Our Tools

OUR APPROACH

We provide a brief introduction of the methods we use to digest and process data, and what technology is involved in each step to make this project possible.

There are three main workflow stages: identifying and finding datasets in publications (process); providing agency and researcher access to information through APIs, Jupyter Notebooks and researcher dashboards (access and disseminate); and getting feedback from the user community (feedback).

How We Do It

The approaches we develop

This project is made possible through the use of the best machine learning algorithms. A team of expert reviewers are involved in validating the outputs to ensure that the results generated are accurate and reliable.
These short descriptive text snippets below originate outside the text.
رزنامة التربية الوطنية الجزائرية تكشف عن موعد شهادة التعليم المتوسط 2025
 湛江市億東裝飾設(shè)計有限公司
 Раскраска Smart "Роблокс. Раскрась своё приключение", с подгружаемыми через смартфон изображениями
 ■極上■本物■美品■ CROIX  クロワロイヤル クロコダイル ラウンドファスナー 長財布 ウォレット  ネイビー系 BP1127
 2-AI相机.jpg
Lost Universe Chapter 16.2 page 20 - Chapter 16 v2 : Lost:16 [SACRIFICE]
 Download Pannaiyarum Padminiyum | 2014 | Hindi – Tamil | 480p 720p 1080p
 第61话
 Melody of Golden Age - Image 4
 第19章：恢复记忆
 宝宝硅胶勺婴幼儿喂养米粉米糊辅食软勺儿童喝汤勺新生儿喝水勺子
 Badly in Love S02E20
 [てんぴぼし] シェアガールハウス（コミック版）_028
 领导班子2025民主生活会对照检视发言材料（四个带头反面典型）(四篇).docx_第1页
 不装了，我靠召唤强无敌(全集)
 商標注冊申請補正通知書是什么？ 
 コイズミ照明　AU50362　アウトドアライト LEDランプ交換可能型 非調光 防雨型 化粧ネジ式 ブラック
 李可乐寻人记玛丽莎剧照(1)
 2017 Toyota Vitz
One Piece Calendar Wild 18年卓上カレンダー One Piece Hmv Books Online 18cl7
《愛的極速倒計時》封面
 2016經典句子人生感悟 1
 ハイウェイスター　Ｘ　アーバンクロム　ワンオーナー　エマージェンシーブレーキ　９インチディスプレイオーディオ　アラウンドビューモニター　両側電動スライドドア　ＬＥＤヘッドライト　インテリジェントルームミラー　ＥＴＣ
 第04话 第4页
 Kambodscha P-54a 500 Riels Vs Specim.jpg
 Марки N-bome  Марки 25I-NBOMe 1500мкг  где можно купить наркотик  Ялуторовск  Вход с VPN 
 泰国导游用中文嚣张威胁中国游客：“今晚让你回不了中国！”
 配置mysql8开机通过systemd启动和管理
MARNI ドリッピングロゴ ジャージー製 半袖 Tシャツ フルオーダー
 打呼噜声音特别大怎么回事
Machine Learning Algorithms
Developed based on three winning models built on machine learning and natural language processing tools

Data Validation
provides reviewers with snippets from actual publications on which the model has been run and which contain references to the dataset being searched for.

Machine Learning Algorithms 

Three Kaggle models were developed using the best Machine Learning (ML) and Natural Processing (NLP) tools to support the identification of datasets within a set of full text publications.

  • Model 1 : Deep Learning - Sentence Context - A deep learning-based approach to learn what kind of sentences have references to a data set. It is the most robust to new datasets and it evaluates all of the text within the document.
  • Model 2 : Deep-Learning - Entity Names - A deep learning-based approach that extracts names of entities from the text to classify an entity as being a dataset or not.
  • Model 3 : Pattern Marching - A rule-based approach to search for patterns in the document that are similar to a list of existing datasets.

Data Validation 

Each agency will make use of the validation tool to ensure that the ML output is correct.

The validation tool provides reviewers with snippets from actual publications on which the model has been run and which contain references to the dataset being searched for. The snippet contains a candidate phrase identified by the model, and the goal is for the validators to determine if these snippets are referring to the correct dataset.

The results will:

  1. provide insights into how well the models are identifying datasets,
  2. find other datasets that are used in conjunction with the agency datasets to study similar topics, and
  3. identify how researchers make use of each agency's data.